### Work required:
Starting at the line that contains "Elite Cargo Half" and stopping at the line that contains "Round Black Aquatic", transcribe every line of the material below exactly; pictures stay out.

### Data section:
----
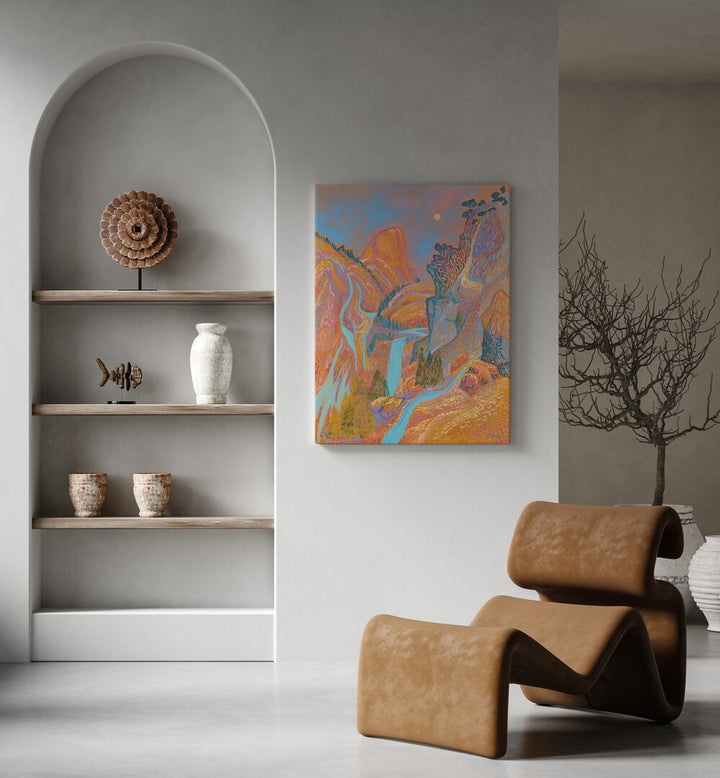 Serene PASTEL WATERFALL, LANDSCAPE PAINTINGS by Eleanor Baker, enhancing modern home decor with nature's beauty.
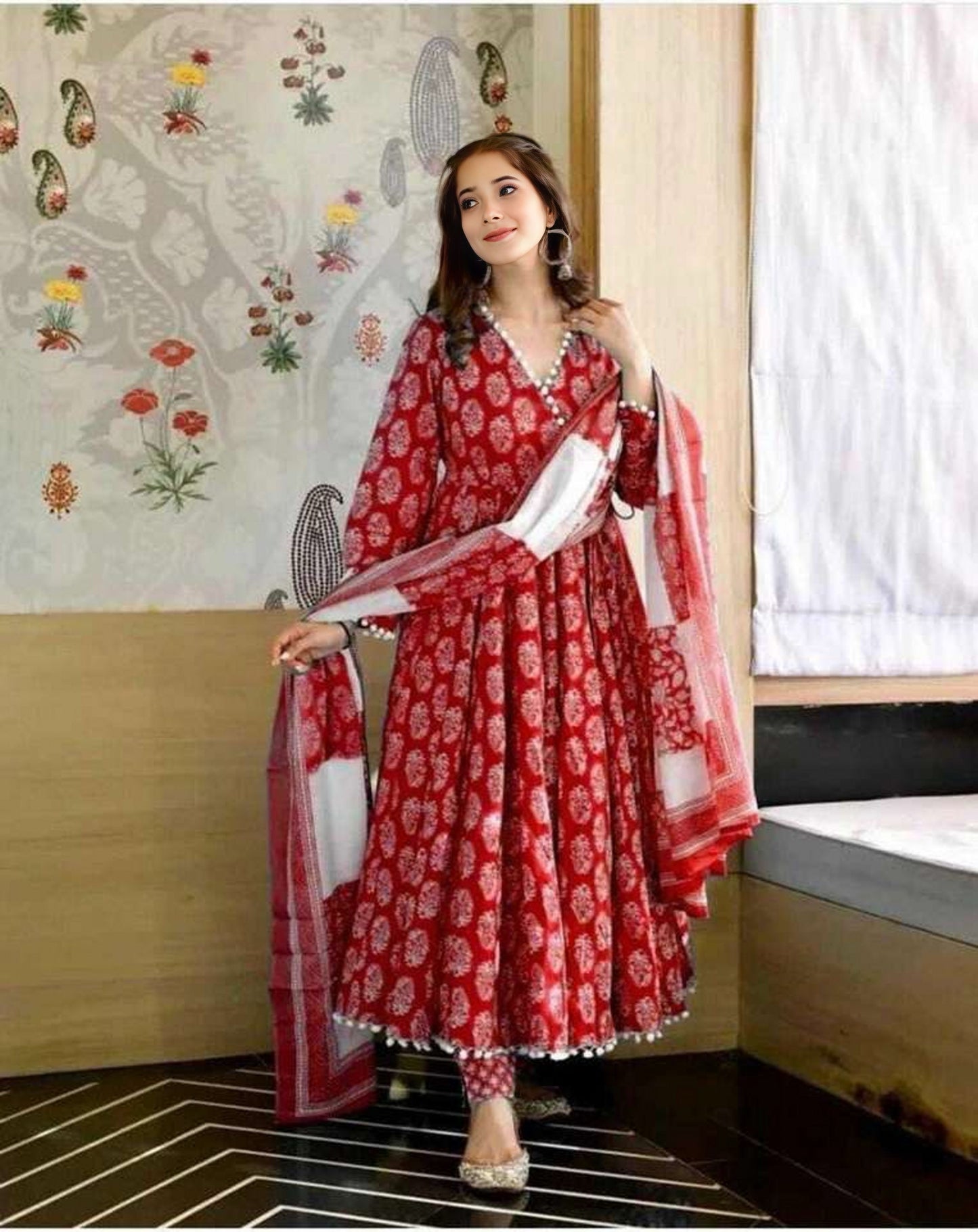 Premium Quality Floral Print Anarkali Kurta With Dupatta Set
----
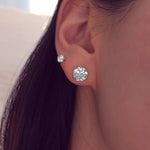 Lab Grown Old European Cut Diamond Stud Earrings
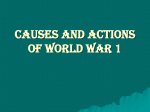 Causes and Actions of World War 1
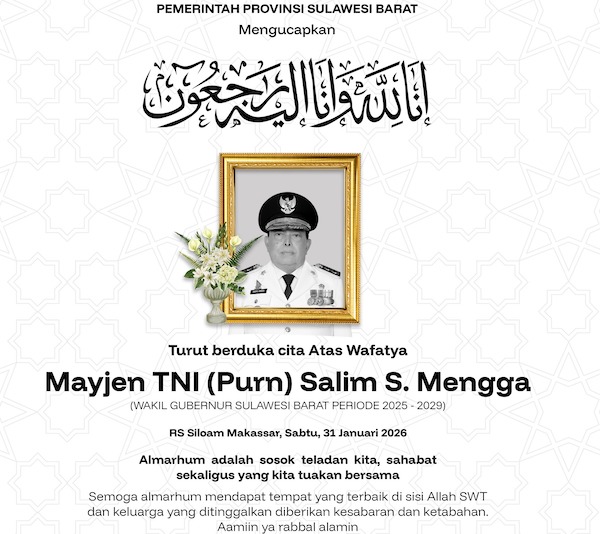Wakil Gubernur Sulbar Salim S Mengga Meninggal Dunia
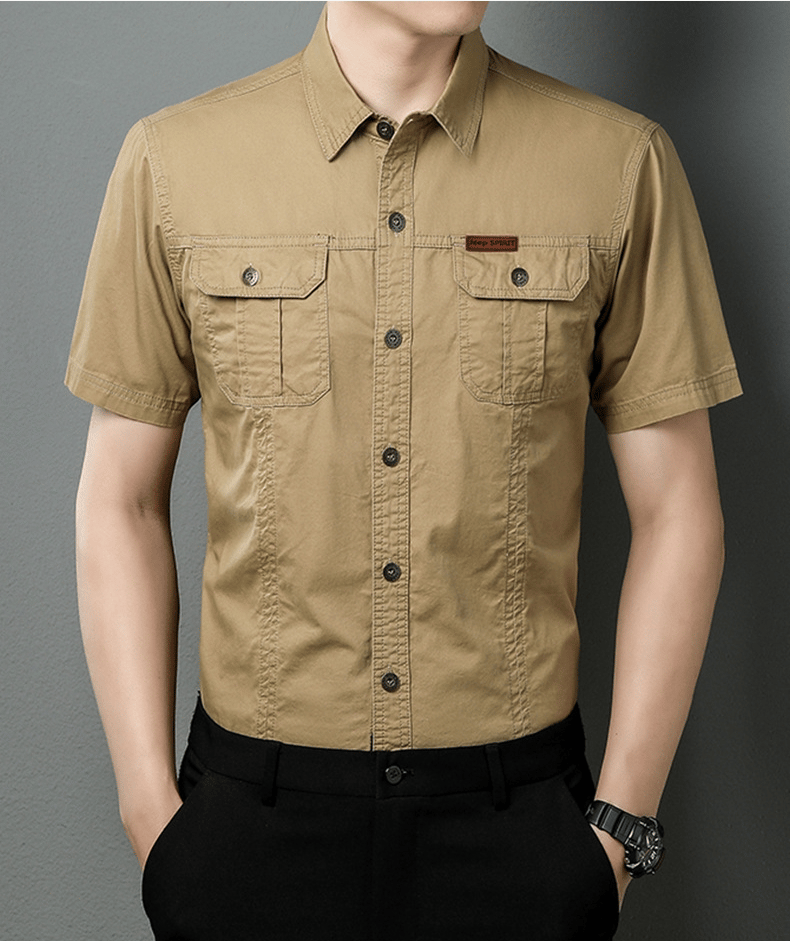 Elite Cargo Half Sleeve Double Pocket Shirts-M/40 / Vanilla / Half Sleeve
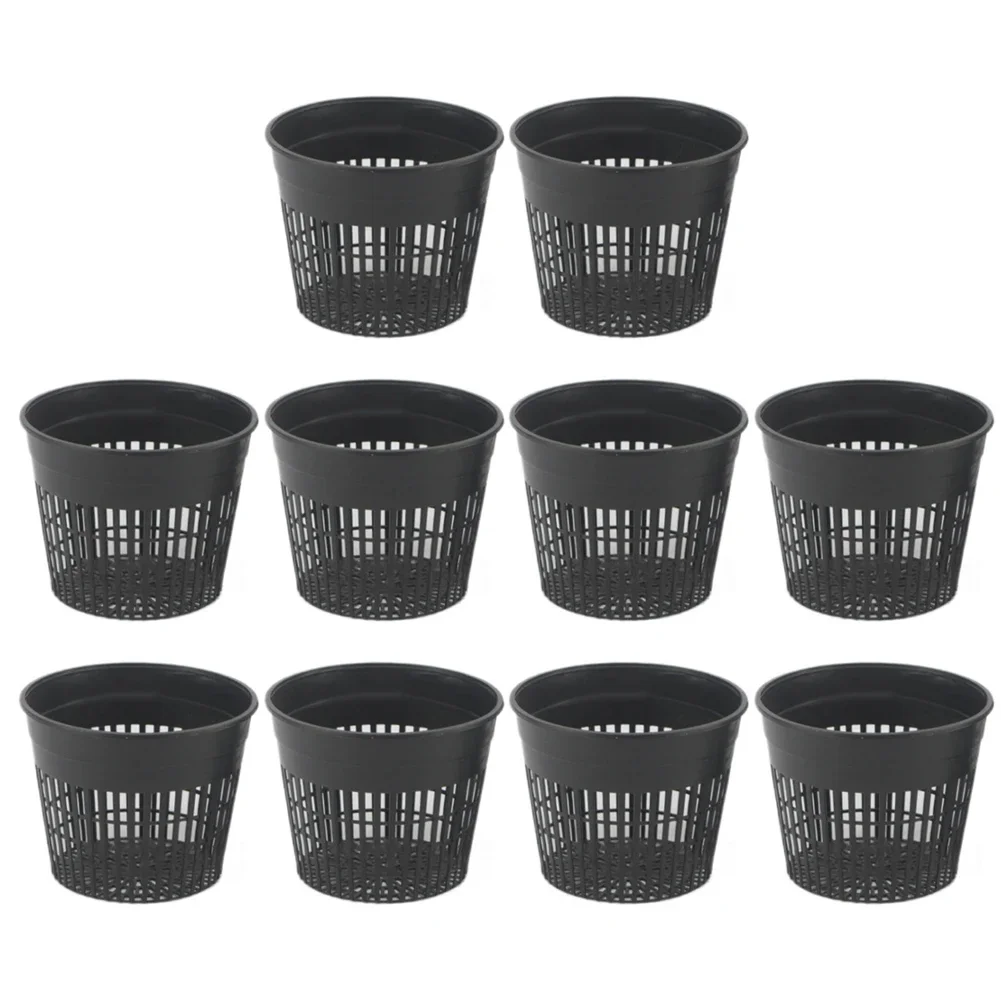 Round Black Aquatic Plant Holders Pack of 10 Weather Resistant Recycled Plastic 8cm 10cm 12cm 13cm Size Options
----
### Solution below:
 Elite Cargo Half Sleeve Double Pocket Shirts-M/40 / Vanilla / Half Sleeve
 Round Black Aquatic Plant Holders Pack of 10 Weather Resistant Recycled Plastic 8cm 10cm 12cm 13cm Size Options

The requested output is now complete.